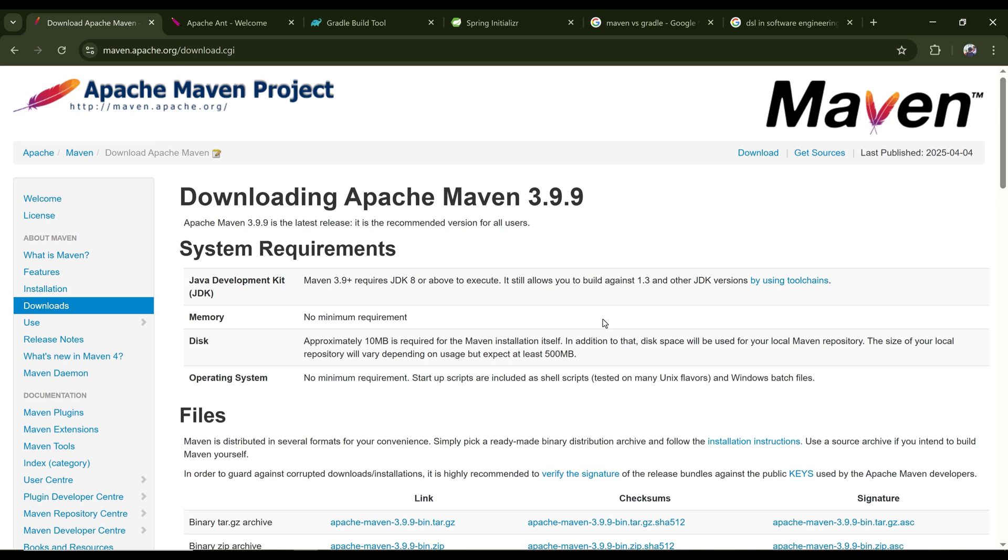Hey folks, today we're going to learn how to install Maven on your Windows PC on Windows 10 or 11.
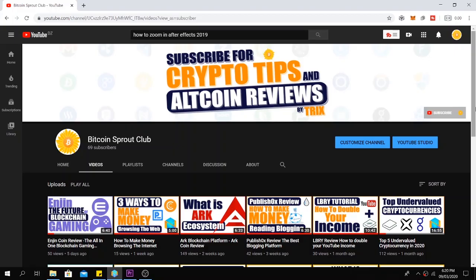Hey Crypto Passionate, my name is Trix and welcome to the Bitcoin Sprout Club. If this is your first time here and you want to learn more about the cryptocurrency space, start now by subscribing and clicking the bell icon so you won't miss anything.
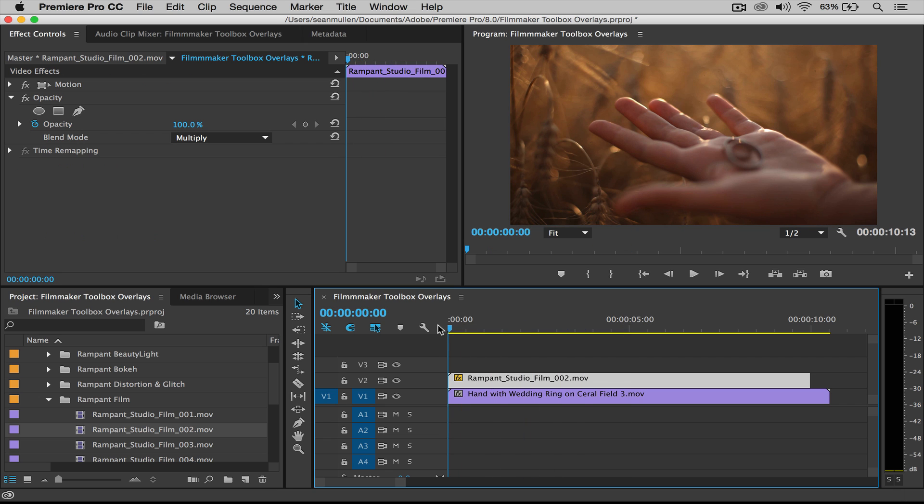So import, drag to your timeline, change the blend mode, and you are done. And that's how you do all the overlay effects.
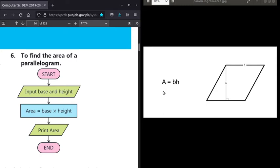The values are not given as a statement, so we need to take input. We need to provide the values — we need to ask the user to input the base and height of the parallelogram.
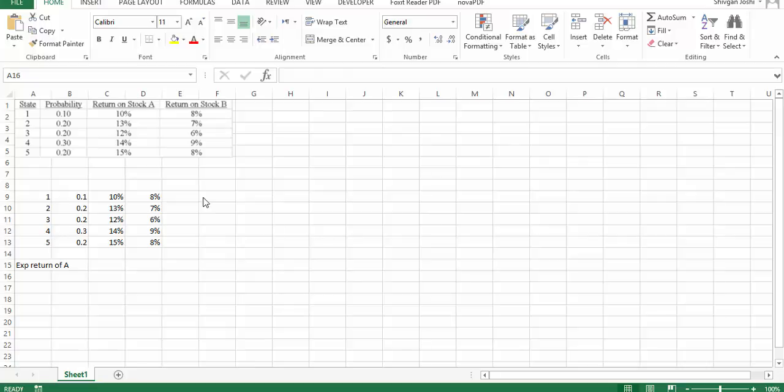This is a long question. I am solving this and it will take some time, so you have to be a bit patient with me. The question says that you have a portfolio comprised of two stocks, stock A and stock B, and there are five possible states with given probabilities. You are asked to calculate the standard deviation of the portfolio.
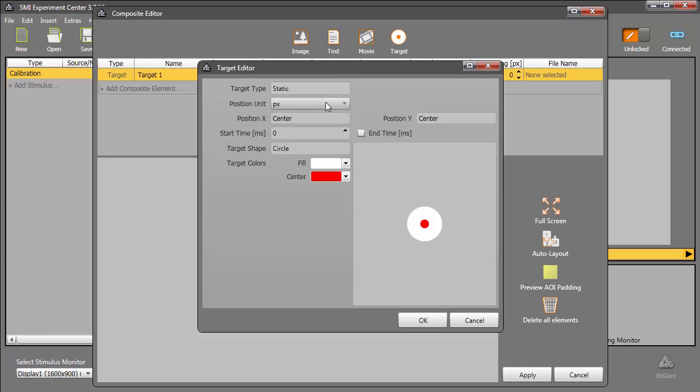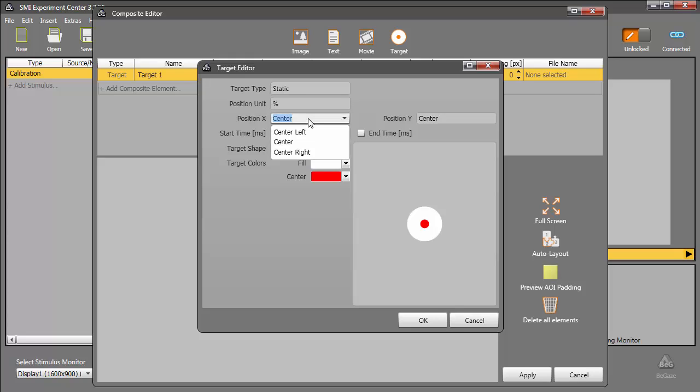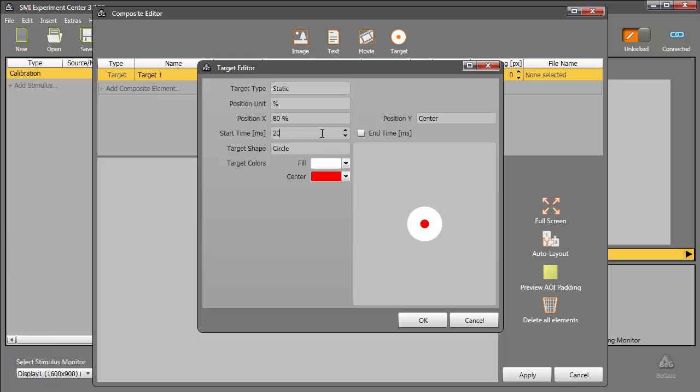Next, I'll set my target type to static and position unit to percent. Let's move the target to the right at 80% of the screen width, while remaining centered vertically. I'll set the start time for two seconds, right when the first target disappears. The target will be displayed for a total time of one second. Therefore, the total duration of the stimulus will be set at 3000 milliseconds, a value I'll set in just a moment.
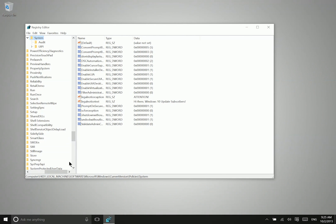So you need to navigate to this area of the editor: H-Key local machine, software, Microsoft, Windows, current version, policies, and system.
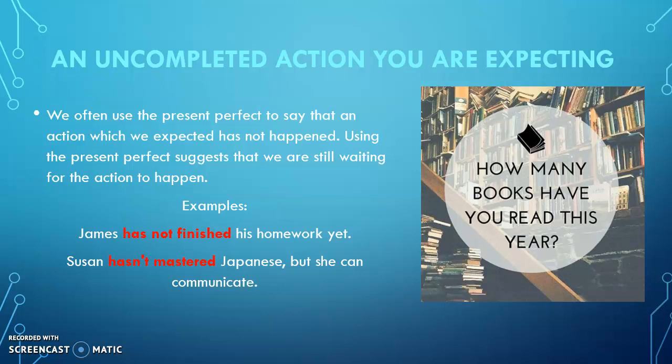Luego tenemos an uncompleted action you are expecting — cosas que del pasado al presente no hemos completado todavía. Por ejemplo, 'James has not finished his homework yet' — este chico no ha terminado su tarea todavía. Ese es el significado de 'yet,' y siempre va al final. 'Susan hasn't mastered Japanese, but she can communicate' — no domina el japonés, pero sí se puede comunicar; estamos esperando que pueda dominarlo más adelante. Acuérdense que ese 'todavía negativo' se expresa con 'yet' al final.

○ ○ ○

> _TASK DETAILS_
The lines from the start of the data through the line that contains "The values are" are to be returned exactly, please, with both ends included and every picture left out.

> _WRITTEN RESPONSE_
Hey folks, today we're going to learn how to install Maven on your Windows PC on Windows 10 or 11.
Hey Crypto Passionate, my name is Trix and welcome to the Bitcoin Sprout Club. If this is your first time here and you want to learn more about the cryptocurrency space, start now by subscribing and clicking the bell icon so you won't miss anything.
So import, drag to your timeline, change the blend mode, and you are done. And that's how you do all the overlay effects.
The values are not given as a statement, so we need to take input. We need to provide the values — we need to ask the user to input the base and height of the parallelogram.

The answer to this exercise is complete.